The targets were predominantly Polish Jews, many of whom were assimilated, deeply attached to Poland, and had been communists themselves, some even survivors of the Holocaust. These included Jewish communists, officers in the army, and professors. Figures like Szymon Zachariasz, Grzegorz Smolar, Michał Mirski, and Adolf Berman, who had been prominent in the Central Committee of Jews in postwar Poland and active in communist circles, were directly impacted. For instance, Grzegorz Smolar, a lifelong communist, was removed as editor of a newspaper he co-founded and cast out of the Party, with his children subsequently imprisoned for their participation in student protests. Aleksander Masiewicki, a former student of Adolf Berman and a communist, found himself compelled to resign from the Party. These purges often forced Jewish individuals to give up their Polish passports in exchange for exit visas, leading to mass emigration.

This “anti-Zionist” campaign, as it was termed, was a continuation of a broader historical pattern where anti-Semitism was weaponized under the guise of ideological purity. Earlier, the Stalinist “anticosmopolitan” campaign in 1949 had similarly targeted “rootless cosmopolitans,” a euphemism for Jews, and led to a “brief love affair” between communists and Zionists being brought to an end. The stereotype of “Judeo-Bolshevism,” which falsely asserted communism was a “Jewish conspiracy against the Poles,” fueled Polish anti-Semitism even after the fall of communism. The events of 1968 demonstrated how easily the “enmity of the nations” could supersede the socialist premise of the “fraternity of peoples,” leading to persecution based on ethnicity rather than class.

The fallout from 1968 and its purges was profound.
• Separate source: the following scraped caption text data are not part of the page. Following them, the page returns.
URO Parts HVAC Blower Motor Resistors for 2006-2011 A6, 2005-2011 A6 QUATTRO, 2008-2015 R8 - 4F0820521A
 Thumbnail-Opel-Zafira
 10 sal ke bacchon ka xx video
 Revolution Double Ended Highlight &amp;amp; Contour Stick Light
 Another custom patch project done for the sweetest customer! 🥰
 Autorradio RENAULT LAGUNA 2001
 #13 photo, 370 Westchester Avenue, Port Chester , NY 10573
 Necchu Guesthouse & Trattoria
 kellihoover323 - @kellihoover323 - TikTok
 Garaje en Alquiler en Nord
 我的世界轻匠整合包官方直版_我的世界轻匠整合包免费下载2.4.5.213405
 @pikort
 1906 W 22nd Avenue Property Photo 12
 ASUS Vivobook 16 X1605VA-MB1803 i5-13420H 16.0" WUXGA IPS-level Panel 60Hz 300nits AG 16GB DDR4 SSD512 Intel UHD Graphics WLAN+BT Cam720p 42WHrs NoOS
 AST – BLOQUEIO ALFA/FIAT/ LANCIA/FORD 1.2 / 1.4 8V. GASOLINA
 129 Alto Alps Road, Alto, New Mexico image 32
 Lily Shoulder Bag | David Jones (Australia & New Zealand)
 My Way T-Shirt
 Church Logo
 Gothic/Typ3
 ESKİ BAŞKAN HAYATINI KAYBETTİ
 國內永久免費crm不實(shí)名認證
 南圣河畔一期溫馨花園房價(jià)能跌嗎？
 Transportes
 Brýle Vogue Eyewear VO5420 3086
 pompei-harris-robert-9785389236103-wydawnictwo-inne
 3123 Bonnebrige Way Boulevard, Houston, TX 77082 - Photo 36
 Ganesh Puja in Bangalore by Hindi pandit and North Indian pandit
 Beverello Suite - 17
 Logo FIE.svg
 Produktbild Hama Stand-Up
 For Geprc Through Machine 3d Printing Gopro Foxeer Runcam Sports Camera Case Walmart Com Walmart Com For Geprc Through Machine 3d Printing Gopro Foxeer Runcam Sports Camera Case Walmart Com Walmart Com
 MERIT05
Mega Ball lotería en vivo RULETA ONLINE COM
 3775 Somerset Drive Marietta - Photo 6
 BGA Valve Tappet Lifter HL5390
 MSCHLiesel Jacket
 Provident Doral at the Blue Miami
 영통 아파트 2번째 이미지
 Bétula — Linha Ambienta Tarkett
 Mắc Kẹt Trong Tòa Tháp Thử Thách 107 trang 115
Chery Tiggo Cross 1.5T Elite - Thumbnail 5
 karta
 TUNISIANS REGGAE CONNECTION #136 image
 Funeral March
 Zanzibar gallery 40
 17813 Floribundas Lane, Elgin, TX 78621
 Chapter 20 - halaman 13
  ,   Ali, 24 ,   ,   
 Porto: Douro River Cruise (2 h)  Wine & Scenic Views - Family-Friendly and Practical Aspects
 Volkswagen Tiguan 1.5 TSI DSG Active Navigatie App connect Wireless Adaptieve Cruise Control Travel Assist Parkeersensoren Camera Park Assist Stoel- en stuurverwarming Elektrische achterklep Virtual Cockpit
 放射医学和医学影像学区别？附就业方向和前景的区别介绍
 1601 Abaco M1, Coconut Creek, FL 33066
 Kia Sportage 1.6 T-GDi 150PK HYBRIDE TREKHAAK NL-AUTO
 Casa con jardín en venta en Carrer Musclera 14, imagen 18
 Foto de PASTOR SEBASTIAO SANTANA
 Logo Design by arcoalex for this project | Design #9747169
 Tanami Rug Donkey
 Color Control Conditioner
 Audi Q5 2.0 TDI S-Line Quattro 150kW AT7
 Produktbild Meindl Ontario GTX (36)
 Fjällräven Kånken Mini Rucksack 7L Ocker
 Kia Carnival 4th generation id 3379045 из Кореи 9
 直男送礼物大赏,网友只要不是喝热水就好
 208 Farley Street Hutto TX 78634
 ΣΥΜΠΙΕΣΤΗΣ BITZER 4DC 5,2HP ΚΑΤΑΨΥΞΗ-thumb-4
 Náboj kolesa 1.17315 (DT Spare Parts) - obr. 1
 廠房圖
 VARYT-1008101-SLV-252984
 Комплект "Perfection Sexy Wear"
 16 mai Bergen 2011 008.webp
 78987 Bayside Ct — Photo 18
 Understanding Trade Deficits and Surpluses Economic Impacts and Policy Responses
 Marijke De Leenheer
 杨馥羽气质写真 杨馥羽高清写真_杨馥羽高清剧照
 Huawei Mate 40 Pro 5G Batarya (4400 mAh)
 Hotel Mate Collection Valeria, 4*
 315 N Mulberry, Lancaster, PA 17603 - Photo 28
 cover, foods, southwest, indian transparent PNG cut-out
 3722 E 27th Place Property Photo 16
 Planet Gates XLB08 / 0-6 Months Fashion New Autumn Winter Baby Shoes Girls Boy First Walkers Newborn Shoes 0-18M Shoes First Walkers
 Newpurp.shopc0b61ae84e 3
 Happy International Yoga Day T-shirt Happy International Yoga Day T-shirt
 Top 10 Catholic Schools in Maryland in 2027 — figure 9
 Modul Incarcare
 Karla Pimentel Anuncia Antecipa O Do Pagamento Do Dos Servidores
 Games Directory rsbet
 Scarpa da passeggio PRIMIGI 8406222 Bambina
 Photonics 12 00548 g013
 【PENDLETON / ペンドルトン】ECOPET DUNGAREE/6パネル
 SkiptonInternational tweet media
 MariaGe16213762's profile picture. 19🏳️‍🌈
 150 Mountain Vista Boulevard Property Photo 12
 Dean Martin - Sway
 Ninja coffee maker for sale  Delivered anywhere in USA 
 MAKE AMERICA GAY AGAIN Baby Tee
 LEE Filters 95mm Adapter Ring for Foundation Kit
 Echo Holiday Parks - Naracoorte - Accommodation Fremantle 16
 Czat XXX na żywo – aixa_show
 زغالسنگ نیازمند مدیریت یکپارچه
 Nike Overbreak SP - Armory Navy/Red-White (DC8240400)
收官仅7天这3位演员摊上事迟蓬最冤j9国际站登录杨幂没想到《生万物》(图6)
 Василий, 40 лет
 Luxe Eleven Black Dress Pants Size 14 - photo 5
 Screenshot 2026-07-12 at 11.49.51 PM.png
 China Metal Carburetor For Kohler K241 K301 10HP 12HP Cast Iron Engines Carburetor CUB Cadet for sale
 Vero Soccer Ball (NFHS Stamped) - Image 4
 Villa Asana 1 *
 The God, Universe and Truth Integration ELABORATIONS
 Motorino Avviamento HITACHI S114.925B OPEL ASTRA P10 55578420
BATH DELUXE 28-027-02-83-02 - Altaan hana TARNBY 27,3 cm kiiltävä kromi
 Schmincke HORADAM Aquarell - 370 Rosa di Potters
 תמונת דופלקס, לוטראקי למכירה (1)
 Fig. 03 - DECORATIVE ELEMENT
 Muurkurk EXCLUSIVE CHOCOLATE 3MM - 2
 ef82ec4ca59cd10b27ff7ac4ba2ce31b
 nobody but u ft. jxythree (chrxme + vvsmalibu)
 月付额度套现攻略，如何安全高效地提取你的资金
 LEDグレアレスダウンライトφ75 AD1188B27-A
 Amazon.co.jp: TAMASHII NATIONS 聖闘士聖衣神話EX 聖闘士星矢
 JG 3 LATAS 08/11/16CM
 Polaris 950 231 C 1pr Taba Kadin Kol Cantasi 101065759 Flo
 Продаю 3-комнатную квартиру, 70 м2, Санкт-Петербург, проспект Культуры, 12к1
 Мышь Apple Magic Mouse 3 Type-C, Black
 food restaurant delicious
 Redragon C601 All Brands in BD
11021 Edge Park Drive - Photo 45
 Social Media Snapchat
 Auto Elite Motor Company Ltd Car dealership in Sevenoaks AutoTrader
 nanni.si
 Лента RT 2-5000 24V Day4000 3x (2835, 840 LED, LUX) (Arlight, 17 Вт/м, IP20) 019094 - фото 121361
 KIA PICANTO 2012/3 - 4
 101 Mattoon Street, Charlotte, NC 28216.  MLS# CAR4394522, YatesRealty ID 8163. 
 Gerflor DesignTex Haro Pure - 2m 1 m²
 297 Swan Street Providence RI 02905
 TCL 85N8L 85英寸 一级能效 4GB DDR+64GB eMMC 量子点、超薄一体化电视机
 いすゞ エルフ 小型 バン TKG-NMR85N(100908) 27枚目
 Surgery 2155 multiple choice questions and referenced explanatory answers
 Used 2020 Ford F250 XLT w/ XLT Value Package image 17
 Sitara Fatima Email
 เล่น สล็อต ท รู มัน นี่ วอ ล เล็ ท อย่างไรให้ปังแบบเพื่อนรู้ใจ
For many, the Soviet invasion of Prague and the subsequent purges, ironically, “meant the end of Marxism” itself, as Marxist belief became “decoupled from communist practice”. The disillusionment spread, transforming many who had once been young Stalinists or reform Marxists into dissidents. The intellectual journal New York Review of Books, for instance, found its birth and early flourishing in the dissenting milieu of the 1960s, playing a “seminal role in intellectual debate regarding the civil rights, antiwar, and counterculture movements”. The Polish historian Jan Gross, who had emigrated after the “anti-Zionist” campaign, later wrote about the “hell wrought upon eastern Poland” by Soviet occupation and the massacres carried out by Polish neighbors against Jews in Jedwabne, illustrating the breakdown of civility under totalitarian pressures.

The courageous response of Czechoslovak dissidents, exemplified by Václav Havel and Charter 77, emphasized “truth” (pravda in Czech) as an “existential imperative” against the regime’s pervasive lies. They operated in an “unreal world” of underground self-publishing (samizdat) and “antipolitics,” believing that direct political engagement would inevitably compromise one’s integrity. This commitment to truth, even amidst moral crisis and the exposure of collaborators through “lustration”, stood in stark contrast to the regime’s cynical manipulation of anti-Semitism for political ends.

In sum, the events of 1968 in Czechoslovakia, intertwined with the anti-Semitic purges in Poland, laid bare the deeply authoritarian nature of Soviet-style communism. They marked a point of no return for many, exposing the system’s readiness to sacrifice its own professed ideals and even its loyal adherents for the sake of control. The purges against Jewish communists and intellectuals were not an anomaly but a chilling demonstration of how ethnic and nationalist anxieties could be exploited to solidify power, leaving a lasting legacy of trauma and a profound questioning of the very possibility of a humane communism.